WORK REQUEST: Of all the lines below, return only those starting with the line holding "Comfort Room, 2" and going on through the line holding "3702 3 / 4 1974 sq. ft. $ 2025-12-20 0 Photo", exactly as written.
Segment Start: DATA SHOWN
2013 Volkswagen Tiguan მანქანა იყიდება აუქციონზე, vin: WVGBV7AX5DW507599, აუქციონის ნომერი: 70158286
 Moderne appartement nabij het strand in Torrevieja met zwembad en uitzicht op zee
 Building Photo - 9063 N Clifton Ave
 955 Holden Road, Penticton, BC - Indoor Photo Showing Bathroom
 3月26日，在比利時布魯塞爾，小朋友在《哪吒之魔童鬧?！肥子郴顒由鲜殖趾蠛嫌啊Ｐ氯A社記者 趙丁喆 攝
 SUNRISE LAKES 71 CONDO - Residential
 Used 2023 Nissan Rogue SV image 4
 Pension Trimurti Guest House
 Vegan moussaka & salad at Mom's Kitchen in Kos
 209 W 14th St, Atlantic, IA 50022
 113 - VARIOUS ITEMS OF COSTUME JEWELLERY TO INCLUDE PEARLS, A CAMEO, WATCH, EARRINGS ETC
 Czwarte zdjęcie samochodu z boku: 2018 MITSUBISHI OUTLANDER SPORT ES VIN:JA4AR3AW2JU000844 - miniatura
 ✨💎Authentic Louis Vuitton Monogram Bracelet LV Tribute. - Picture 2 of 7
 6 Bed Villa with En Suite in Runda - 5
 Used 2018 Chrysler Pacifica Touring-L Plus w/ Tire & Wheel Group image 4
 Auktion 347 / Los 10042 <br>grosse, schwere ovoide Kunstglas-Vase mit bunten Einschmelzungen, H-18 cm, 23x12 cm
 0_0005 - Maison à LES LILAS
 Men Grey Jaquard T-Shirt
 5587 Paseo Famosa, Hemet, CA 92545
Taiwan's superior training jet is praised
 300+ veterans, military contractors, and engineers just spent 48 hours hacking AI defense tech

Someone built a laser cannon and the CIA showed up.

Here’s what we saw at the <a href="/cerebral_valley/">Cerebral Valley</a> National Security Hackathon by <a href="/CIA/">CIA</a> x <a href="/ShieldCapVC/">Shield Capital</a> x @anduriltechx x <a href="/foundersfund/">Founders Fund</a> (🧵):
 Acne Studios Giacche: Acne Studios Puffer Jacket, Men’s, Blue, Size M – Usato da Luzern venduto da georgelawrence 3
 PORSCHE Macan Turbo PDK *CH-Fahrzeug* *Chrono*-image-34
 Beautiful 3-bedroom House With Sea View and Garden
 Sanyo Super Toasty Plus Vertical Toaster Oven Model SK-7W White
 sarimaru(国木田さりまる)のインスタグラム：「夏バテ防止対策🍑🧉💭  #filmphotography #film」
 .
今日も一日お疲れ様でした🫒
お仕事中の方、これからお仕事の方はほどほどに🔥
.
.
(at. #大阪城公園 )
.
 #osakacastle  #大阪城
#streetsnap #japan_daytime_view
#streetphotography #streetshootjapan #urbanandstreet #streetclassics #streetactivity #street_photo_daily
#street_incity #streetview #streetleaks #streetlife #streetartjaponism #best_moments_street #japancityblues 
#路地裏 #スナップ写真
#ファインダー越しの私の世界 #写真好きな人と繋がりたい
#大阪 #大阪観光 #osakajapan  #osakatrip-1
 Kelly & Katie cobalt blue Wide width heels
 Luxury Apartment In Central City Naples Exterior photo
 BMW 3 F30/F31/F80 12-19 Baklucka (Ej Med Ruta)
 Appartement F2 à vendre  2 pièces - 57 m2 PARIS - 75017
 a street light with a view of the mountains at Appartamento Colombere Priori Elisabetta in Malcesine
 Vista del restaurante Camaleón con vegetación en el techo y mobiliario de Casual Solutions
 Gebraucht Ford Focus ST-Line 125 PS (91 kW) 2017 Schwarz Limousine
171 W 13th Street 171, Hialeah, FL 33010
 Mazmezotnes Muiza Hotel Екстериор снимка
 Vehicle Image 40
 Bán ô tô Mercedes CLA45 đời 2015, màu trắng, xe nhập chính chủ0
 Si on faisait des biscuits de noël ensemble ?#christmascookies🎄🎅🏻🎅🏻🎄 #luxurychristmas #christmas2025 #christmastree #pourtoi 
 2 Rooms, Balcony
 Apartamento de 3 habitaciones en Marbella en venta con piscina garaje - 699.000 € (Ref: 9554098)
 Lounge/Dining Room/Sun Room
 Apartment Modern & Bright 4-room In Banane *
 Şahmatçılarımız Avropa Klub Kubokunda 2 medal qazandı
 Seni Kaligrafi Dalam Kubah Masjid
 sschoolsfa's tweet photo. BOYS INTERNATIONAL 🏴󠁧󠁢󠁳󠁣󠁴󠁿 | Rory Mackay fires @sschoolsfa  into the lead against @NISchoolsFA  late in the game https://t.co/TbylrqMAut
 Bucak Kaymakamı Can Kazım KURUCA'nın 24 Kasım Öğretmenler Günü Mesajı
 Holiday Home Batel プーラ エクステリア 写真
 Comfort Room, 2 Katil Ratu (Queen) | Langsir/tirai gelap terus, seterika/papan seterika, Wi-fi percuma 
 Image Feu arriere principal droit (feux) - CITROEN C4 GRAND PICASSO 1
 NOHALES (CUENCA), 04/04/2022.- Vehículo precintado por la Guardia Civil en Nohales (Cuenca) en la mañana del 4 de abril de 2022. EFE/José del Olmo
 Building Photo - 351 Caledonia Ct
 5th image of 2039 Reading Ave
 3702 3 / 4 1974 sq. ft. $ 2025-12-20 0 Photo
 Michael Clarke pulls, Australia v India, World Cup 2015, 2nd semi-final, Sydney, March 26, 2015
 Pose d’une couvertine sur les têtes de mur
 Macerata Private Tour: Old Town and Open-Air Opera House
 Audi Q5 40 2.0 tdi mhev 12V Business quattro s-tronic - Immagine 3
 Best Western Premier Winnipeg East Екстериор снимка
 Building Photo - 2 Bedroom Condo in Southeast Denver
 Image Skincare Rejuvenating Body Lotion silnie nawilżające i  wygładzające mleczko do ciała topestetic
Segment End: DATA SHOWN
WRITTEN RESPONSE:
 Comfort Room, 2 Katil Ratu (Queen) | Langsir/tirai gelap terus, seterika/papan seterika, Wi-fi percuma 
 Image Feu arriere principal droit (feux) - CITROEN C4 GRAND PICASSO 1
 NOHALES (CUENCA), 04/04/2022.- Vehículo precintado por la Guardia Civil en Nohales (Cuenca) en la mañana del 4 de abril de 2022. EFE/José del Olmo
 Building Photo - 351 Caledonia Ct
 5th image of 2039 Reading Ave
 3702 3 / 4 1974 sq. ft. $ 2025-12-20 0 Photo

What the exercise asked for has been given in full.